“Good,” I answer. “And yours?”
Today, Leo had both outpatient rehab and our appointment with Dr. Sosa after. I offered to cancel the latter when I found out about his schedule clash, but Leo insisted he could handle both on the same day.
“It was fine,” he answers casually. “I’ll be glad to see the back of these sessions.”
I glance at him quickly before focusing my attention on the road and veering the car away from the building and back into traffic.
“You don’t find them useful?”
“I do.
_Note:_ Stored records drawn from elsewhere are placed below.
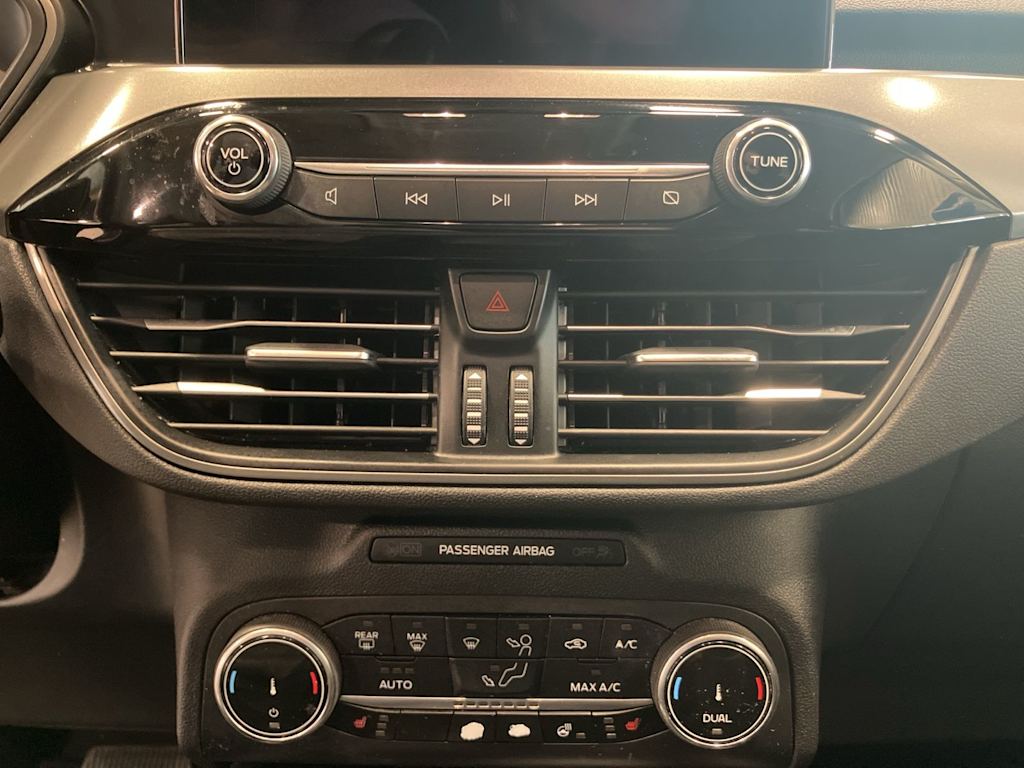 Thumbnail: 2023 Ford Escape - 11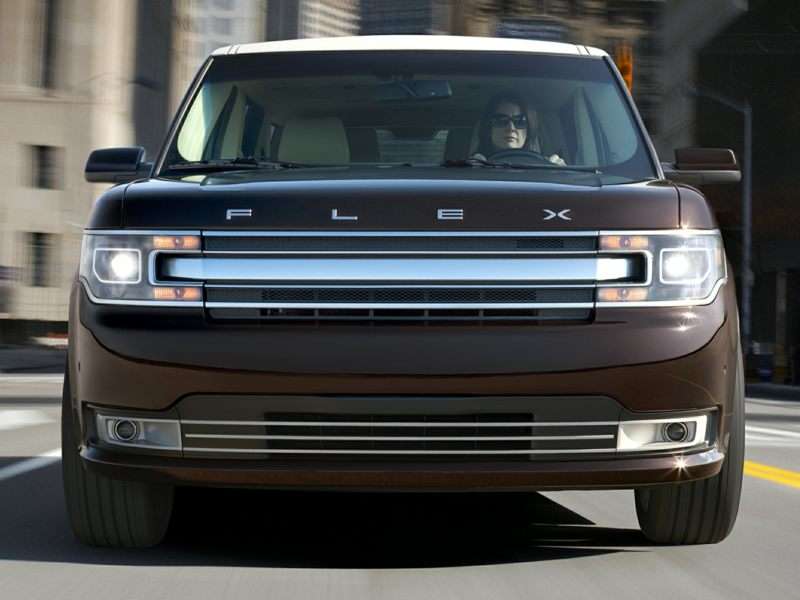 2016 Ford Flex front view grille ・  Photo by Ford 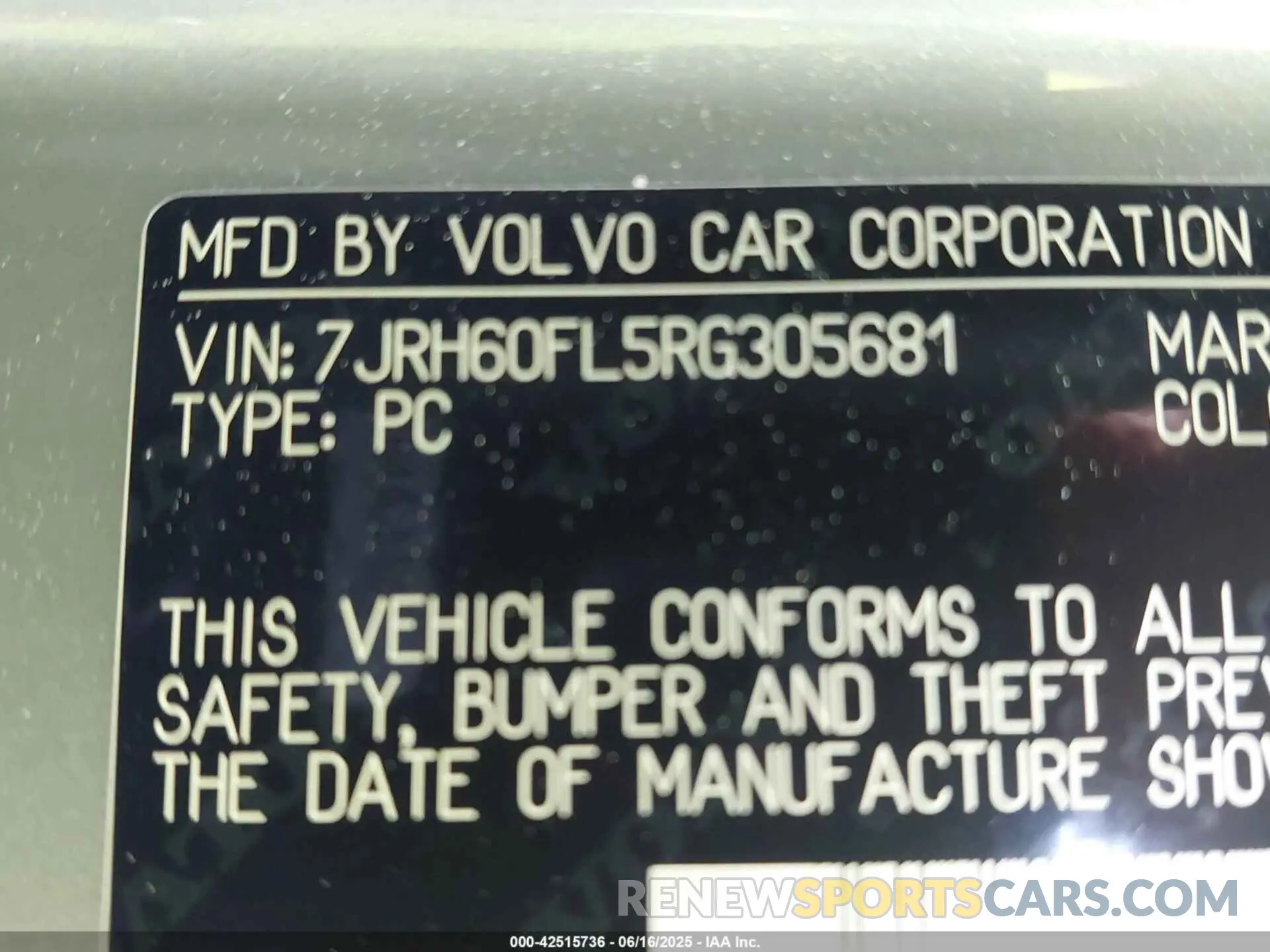 9 Photograph of a damaged car 7JRH60FL5RG305681 VOLVO S60 RECHARGE PLUG-IN HYBRID 2024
But I’m hoping to try more one-on-one stuff after it ends,” he explains. “Something a little more tailored to me and what I’m dealing with.”
Again, I feel so off balance by his decision to move forward and want the changes.
“And what is it you’re dealing with?” The question bites and we both hear it.
“Jesse.”
I’ve always loved the way Leo says my name—with a lifetime of love and reverence—and now it is nothing more than a longing I feel down to my bones.
“I’m sorry,” I say, my voice a little softer. “I’m just struggling.”
It isn’t a lie and it isn’t the truth, but it’s all I can give.
The rest of the drive is silent, and when we arrive at Dr. Sosa’s, Leo can’t get out of the car quick enough. As I drag my feet behind him, I have to wonder if this is how Leo has felt every time we’ve been here. So overwhelmed and helpless and undeniably broken.
“Leo. Jesse. It’s good to see you both. Come in.”
Dr. Sosa is already waiting for us, and I’m grateful there isn’t the usual delay in the waiting room.
Seated with my arms resting on my thighs and my head hanging low, I’m surprised when I hear Leo’s voice before Dr. Sosa’s.
“I think I might’ve pushed Jesse too far,” he says.
My head snaps up to catch him looking at me.
“What makes you say that?” Dr. Sosa asks.
He shrugs. “Maybe I just took too long.”
“Too long for what?” she presses.
He shrugs again. “I want to be better. Well, I’m trying to anyway.”
“That’s not fair,” I blurt out. “You don’t get to say you’re trying like it fixes everything, like the damage hasn’t already been done.”
“I didn’t say anything was fixed,” he argues. “I said maybe I’ve taken too long, like maybe now that I can see some light, you’re over it.”
I want to punch a wall or maybe throw a chair across the room. I want to be anywhere but within these four walls.
Closing my eyes, I tilt my head up to the ceiling. I breathe and count.
I count to ten. Inhale.
I count to twenty. Exhale
“I’m here,” I say, not to either of them specifically. “I’m here and I’m not over it.”
When I find the strength to open my eyes, I look straight at Dr. Sosa. “If I’m not trying to keep him in the present, if I’m not trying to limit his self-destruction, I don’t know who I am.